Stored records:

========

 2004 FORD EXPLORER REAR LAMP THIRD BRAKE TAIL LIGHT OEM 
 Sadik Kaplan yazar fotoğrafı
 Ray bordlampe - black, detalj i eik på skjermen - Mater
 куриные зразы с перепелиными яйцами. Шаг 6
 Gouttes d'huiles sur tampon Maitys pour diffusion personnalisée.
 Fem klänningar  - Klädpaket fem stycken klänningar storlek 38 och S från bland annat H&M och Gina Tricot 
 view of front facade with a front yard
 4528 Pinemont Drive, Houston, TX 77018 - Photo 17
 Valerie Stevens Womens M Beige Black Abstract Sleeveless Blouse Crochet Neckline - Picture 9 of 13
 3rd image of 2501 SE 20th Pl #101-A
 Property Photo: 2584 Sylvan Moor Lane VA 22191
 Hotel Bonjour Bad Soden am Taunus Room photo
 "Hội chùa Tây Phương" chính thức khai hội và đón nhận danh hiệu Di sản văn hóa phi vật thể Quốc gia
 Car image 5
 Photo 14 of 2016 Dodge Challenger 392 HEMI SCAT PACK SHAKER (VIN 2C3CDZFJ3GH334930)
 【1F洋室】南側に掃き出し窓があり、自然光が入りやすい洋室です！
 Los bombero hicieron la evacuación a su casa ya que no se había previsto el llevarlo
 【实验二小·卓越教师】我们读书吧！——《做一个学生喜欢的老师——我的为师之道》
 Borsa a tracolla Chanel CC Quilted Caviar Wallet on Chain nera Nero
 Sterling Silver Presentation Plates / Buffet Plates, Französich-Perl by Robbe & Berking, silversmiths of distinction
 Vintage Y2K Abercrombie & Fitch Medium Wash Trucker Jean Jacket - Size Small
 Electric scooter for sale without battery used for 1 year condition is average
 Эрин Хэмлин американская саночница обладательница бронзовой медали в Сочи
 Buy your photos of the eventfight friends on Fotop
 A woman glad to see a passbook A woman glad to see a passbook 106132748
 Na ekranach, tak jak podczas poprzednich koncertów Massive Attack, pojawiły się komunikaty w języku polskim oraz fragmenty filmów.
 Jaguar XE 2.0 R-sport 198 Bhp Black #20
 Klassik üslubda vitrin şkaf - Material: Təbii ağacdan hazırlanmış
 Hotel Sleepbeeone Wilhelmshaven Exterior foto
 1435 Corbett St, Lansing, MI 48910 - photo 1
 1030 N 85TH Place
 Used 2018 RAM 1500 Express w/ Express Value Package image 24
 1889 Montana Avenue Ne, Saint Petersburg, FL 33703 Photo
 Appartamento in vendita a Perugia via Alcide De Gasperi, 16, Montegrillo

========

• **DESCRIPTION OF THE TASK**
Restate every record word for word.

• **RESULT OF THE EXERCISE**
 2004 FORD EXPLORER REAR LAMP THIRD BRAKE TAIL LIGHT OEM 
 Sadik Kaplan yazar fotoğrafı
 Ray bordlampe - black, detalj i eik på skjermen - Mater
 куриные зразы с перепелиными яйцами. Шаг 6
 Gouttes d'huiles sur tampon Maitys pour diffusion personnalisée.
 Fem klänningar  - Klädpaket fem stycken klänningar storlek 38 och S från bland annat H&M och Gina Tricot 
 view of front facade with a front yard
 4528 Pinemont Drive, Houston, TX 77018 - Photo 17
 Valerie Stevens Womens M Beige Black Abstract Sleeveless Blouse Crochet Neckline - Picture 9 of 13
 3rd image of 2501 SE 20th Pl #101-A
 Property Photo: 2584 Sylvan Moor Lane VA 22191
 Hotel Bonjour Bad Soden am Taunus Room photo
 "Hội chùa Tây Phương" chính thức khai hội và đón nhận danh hiệu Di sản văn hóa phi vật thể Quốc gia
 Car image 5
 Photo 14 of 2016 Dodge Challenger 392 HEMI SCAT PACK SHAKER (VIN 2C3CDZFJ3GH334930)
 【1F洋室】南側に掃き出し窓があり、自然光が入りやすい洋室です！
 Los bombero hicieron la evacuación a su casa ya que no se había previsto el llevarlo
 【实验二小·卓越教师】我们读书吧！——《做一个学生喜欢的老师——我的为师之道》
 Borsa a tracolla Chanel CC Quilted Caviar Wallet on Chain nera Nero
 Sterling Silver Presentation Plates / Buffet Plates, Französich-Perl by Robbe & Berking, silversmiths of distinction
 Vintage Y2K Abercrombie & Fitch Medium Wash Trucker Jean Jacket - Size Small
 Electric scooter for sale without battery used for 1 year condition is average
 Эрин Хэмлин американская саночница обладательница бронзовой медали в Сочи
 Buy your photos of the eventfight friends on Fotop
 A woman glad to see a passbook A woman glad to see a passbook 106132748
 Na ekranach, tak jak podczas poprzednich koncertów Massive Attack, pojawiły się komunikaty w języku polskim oraz fragmenty filmów.
 Jaguar XE 2.0 R-sport 198 Bhp Black #20
 Klassik üslubda vitrin şkaf - Material: Təbii ağacdan hazırlanmış
 Hotel Sleepbeeone Wilhelmshaven Exterior foto
 1435 Corbett St, Lansing, MI 48910 - photo 1
 1030 N 85TH Place
 Used 2018 RAM 1500 Express w/ Express Value Package image 24
 1889 Montana Avenue Ne, Saint Petersburg, FL 33703 Photo
 Appartamento in vendita a Perugia via Alcide De Gasperi, 16, Montegrillo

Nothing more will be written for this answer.